Beim Evangelischen Kirchentag stehen heute europa- und bundespolitische Themen im Mittelpunkt. In einem Podiumsgespräch verteidigte Bundeskanzler Scholz den Kompromiss der EU-Innenminister zur Reform des europäischen Asylsystems. Gegner der Reform unterzeichneten eine Resolution.

12.06.2023
    Bundeskanzler Olaf Scholz bei einem Podium auf dem evangelischen Kirchentag
    Bundeskanzler Olaf Scholz bei einem Podium auf dem evangelischen Kirchentag (epd / IMAGO / Thomas Lohnes)
    Der vereinbarte Solidaritätsmechanismus sei fairer als das jetzige System, sagte Scholz. Auch müsse es möglich sein, jemandem, der nach Prüfung der Sachlage keinen Schutzstatus habe, sagen zu können, dass er wieder zurückgehen müsse. Zuvor hatte der Berliner Bischof Stäblein kritisiert, dass der Asylkompromissder EU-Staaten keine Ausnahmen für Kinder und Familien vorsieht. Am Rande des Kirchentags gab es zahlreiche Proteste gegen die Pläne, über die noch mit dem Europäischen Parlament verhandelt werden muss. Zahlreiche Teilnehmer unterzeichneten eine Resolution und sprachen von einem "Frontalangriff auf den Rechtsstaat und das Flüchtlingsrecht".

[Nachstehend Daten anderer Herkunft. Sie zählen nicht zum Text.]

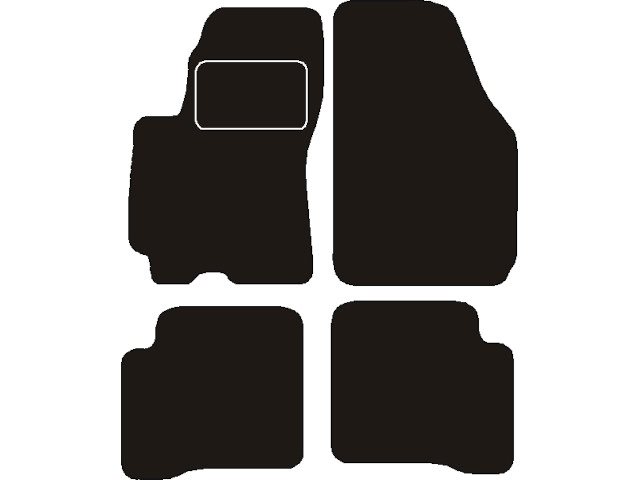 MATTENSET NAALDVILT (ZWART) HYUNDAI ATOS 2004 - 2005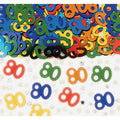 Age 80 Multi Colour Metallic Confetti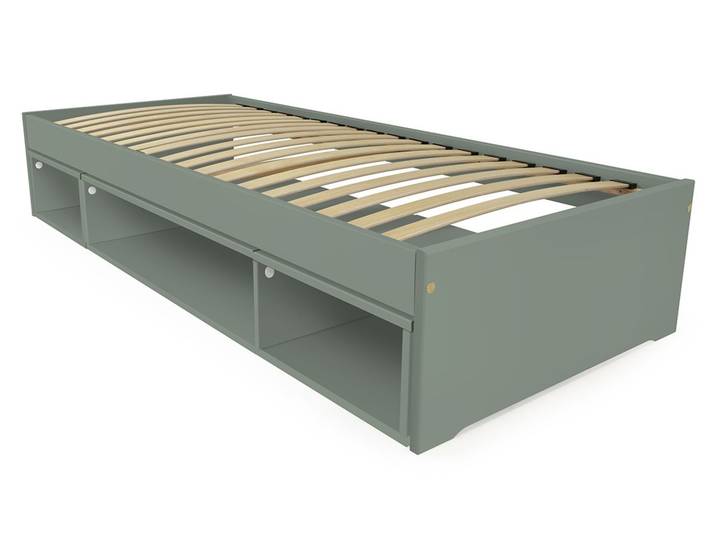 Lit avec rangement Maël 90x200 90x200 Gris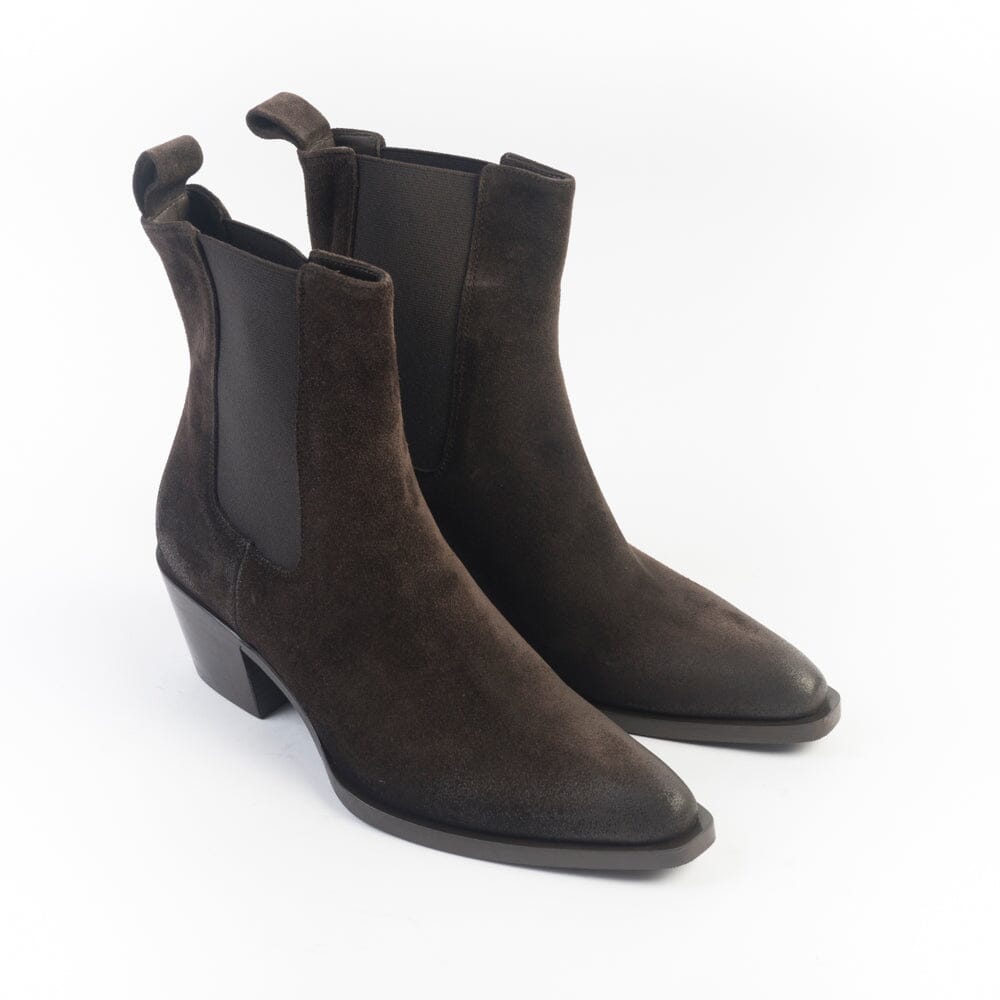 STRATEGIA - Stivaletto Texano - A5812 - Velour Ebano Scarpe Donna Strategia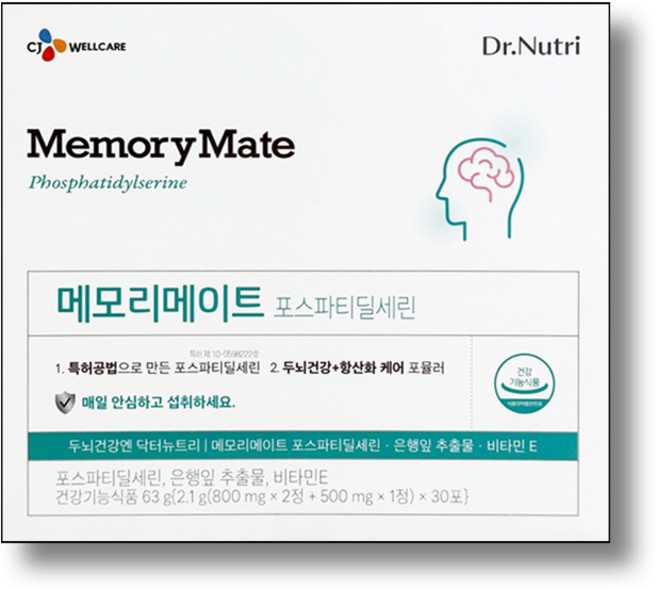CJ웰케어 닥터뉴트리 메모리메이트 포스파티딜세린, 30회분, 1개
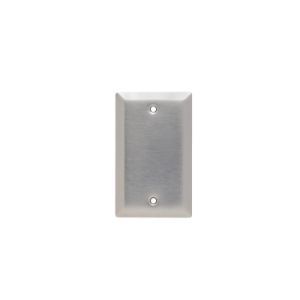 PASS AND SEYMOUR SL13 Blank Wall Plate, Box Mounted, 1 Gang, 430 Stainless Steel | CH4BFR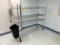 METRO WIRE STORAGE RACK, CHROME, 6'W X 24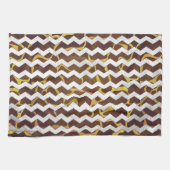 Giraffe, braun und gelb handtuch (Horizontal)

    Kritik im Publikum an der Klimapolitik

    Scholz verteidigte auch das Tempo der Bundesregierung auf dem Weg in die Klimaneutralität. Protestrufen aus dem Publikum, die der Regierung Versagen beim Klimaschutz vorwarfen, entgegnete Scholz, es handele sich um das ehrgeizigste Modernisierungsprogramm seit vielen Jahrzehnten in Deutschland.
    Im Hinblick auf eine Beendigung des Kriegs in der Ukraine äußerte sich Scholz pessimistisch. Nach seiner Einschätzung gibt es derzeit keine Aussicht auf eine Verhandlungslösung. Dennoch wolle er in der nächsten Zeit erneut mit dem russischen Präsidenten Putin telefonieren, sagte der Kanzler auf dem Evangelischen Kirchentag.

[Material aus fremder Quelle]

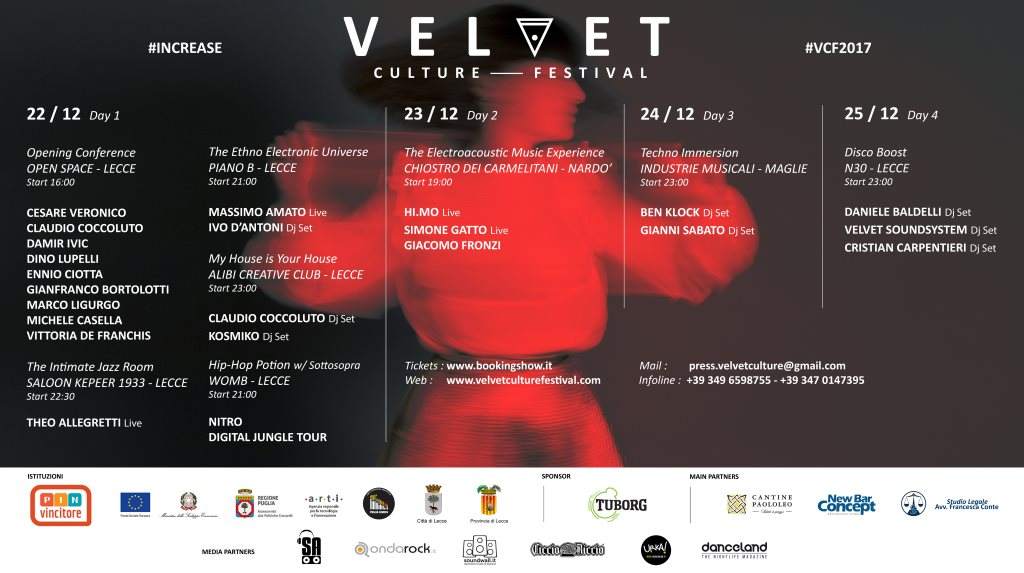 Velvet Culture Festival 2017 - 2nd Edition - Página frontal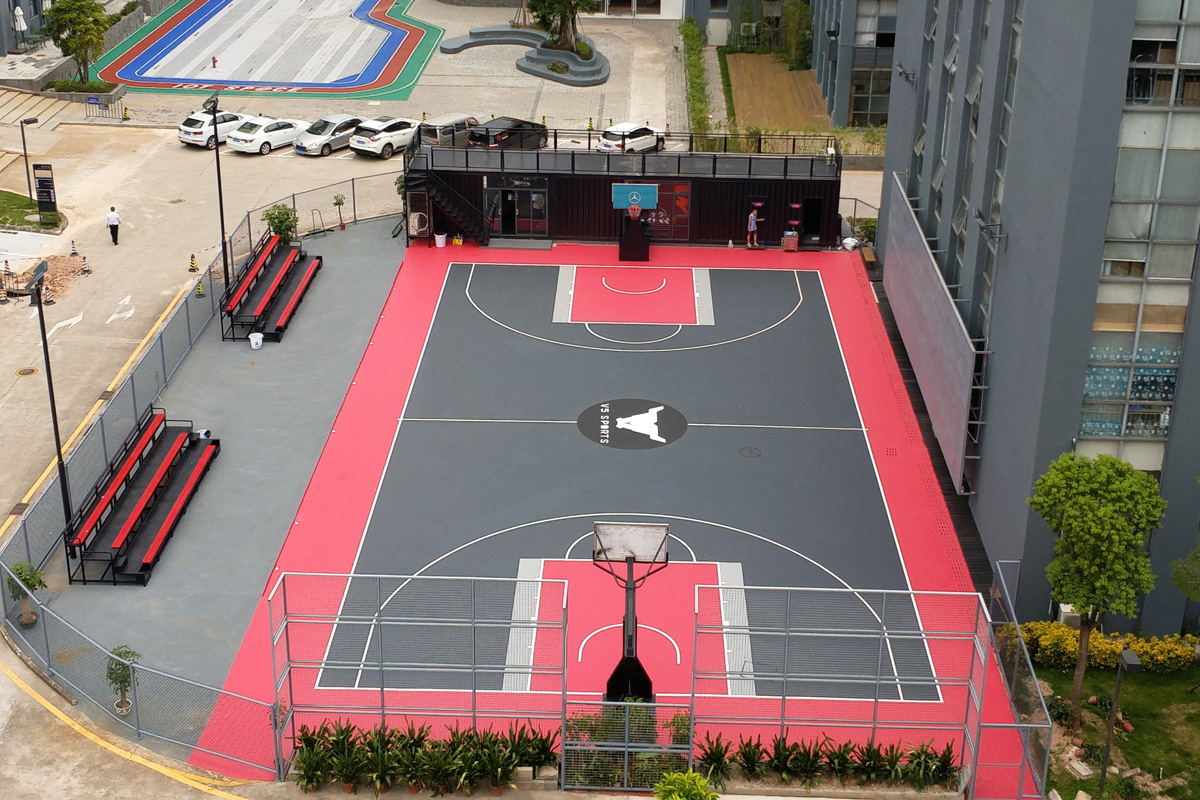 V5元征工業(yè)園區(qū)籃球場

    Baerbock fordert klare Worte

    Außenministerin Baerbock verteidigte die deutschen Waffenlieferungen an die Ukraine und ihr weltweites Werben um die Verurteilung des russischen Angriffskriegs. Würde man als Weltgemeinschaft schweigend ignorieren, dass ein Mitglied des UNO-Sicherheitsrats den Weltfrieden gefährde, "wäre das eine Einladung an alle Autokraten auf der Welt", sagte Baerbock in Nürnberg. Um den Weltfrieden in anderen Regionen zu sichern, sei es deswegen essenziell, dass man Farbe bekenne.
    Solange die Ukraine deutsche Unterstützung benötige bei der Durchsetzung ihres Rechts, in Frieden und Freiheit zu leben, "so lange werden wir sie unterstützen", sagte Baerbock. Gleichzeitig räumte sie ein Hadern mit Entscheidungen für Waffenlieferungen ein. Ethische Verantwortung bedeute aber immer, nicht nur zu bedenken, was die Konsequenzen von Handeln sind, "sondern auch meines Nichthandelns".

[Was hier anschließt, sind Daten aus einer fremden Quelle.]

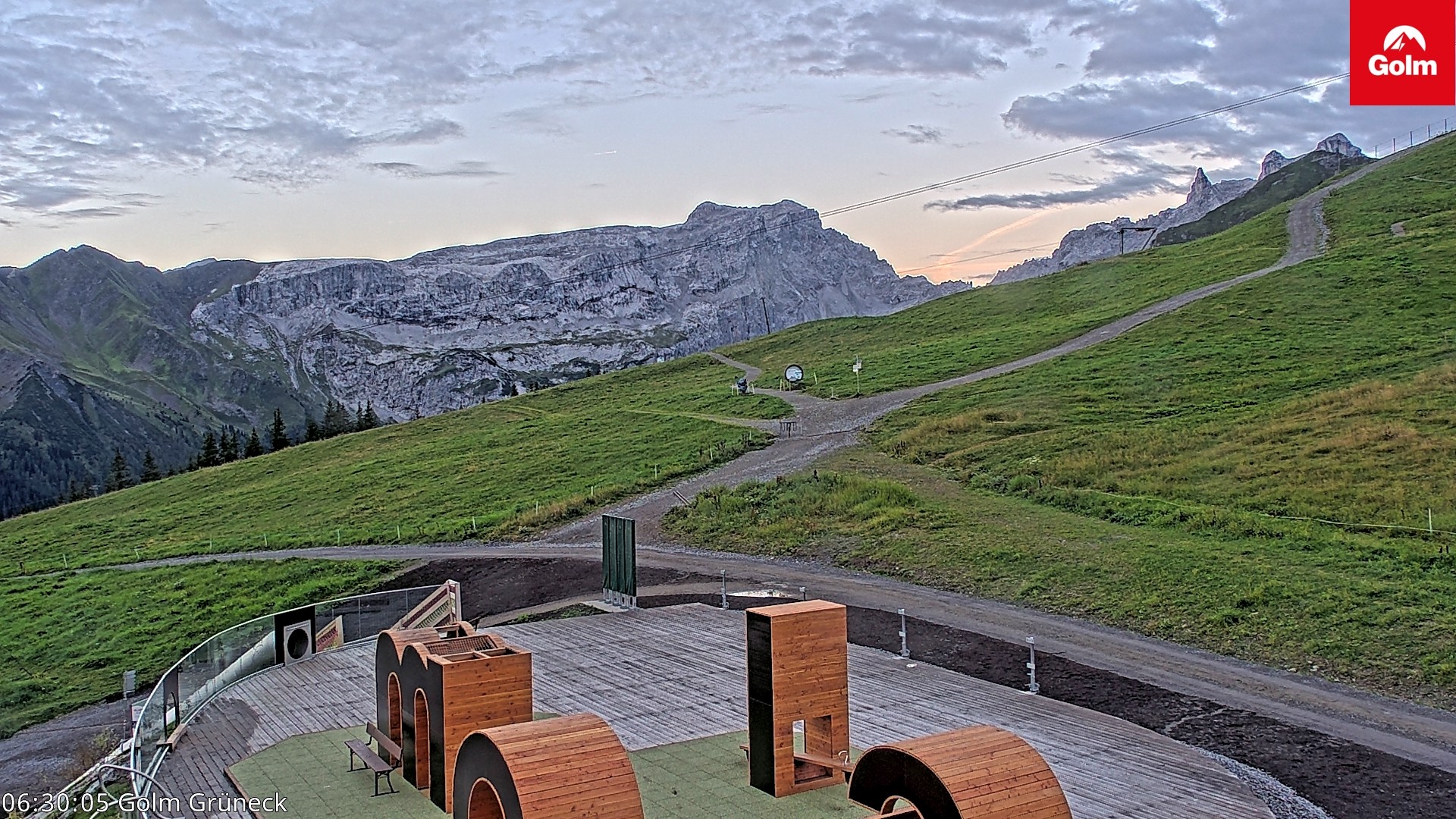 Archiv Foto Webcam Blick vom Golm auf die Tschaggunser Mittagsspitze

    Positive Zwischenbilanz der Veranstalter

    Der Präsident des Kirchentags, de Maizière, zog eine positive Zwischenbilanz. Auf dem Kirchentag treffe sich die Mitte der Gesellschaft, sagte der frühere Bundesminister im Deutschlandfunk. Die Themen seien ernst, aber die Menschen seien dabei heiter. Christen seien hoffnungsfrohe Menschen, aber in dieser verzagten und verstörten Welt müsse man die Zuversicht zuerst finden, sagte de Maizière mit Blick auf den Ukraine-Krieg und die Klimakrise. Man wolle auch Hoffnung stiften, das gehe als Signal von diesem Kirchentag aus.
    Der 38. Deutsche Evangelische Kirchentag endet morgen mit einem Gottesdienst auf dem Nürnberger Hauptmarkt.
    Diese Nachricht wurde am 10.06.2023 im Programm Deutschlandfunk gesendet.